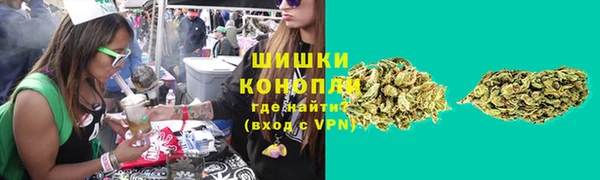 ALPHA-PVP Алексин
...
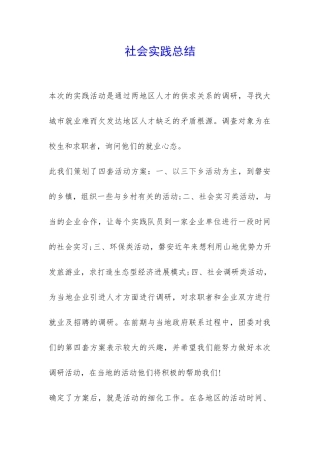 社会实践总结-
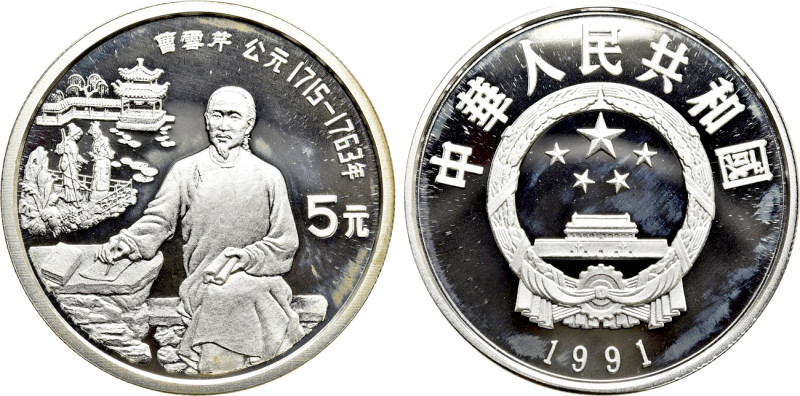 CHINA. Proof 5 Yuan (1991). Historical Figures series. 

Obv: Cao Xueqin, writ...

• [What you should do]:
Only one stretch of the listing is wanted: the lines starting at the one with "CHINA. Proof 5" and ending at the one with "Obv: Cao Xueqin, writ...", copied exactly and free of pictures.

• [Written solution]:
 CHINA. Proof 5 Yuan (1991). Historical Figures series. 

Obv: Cao Xueqin, writ...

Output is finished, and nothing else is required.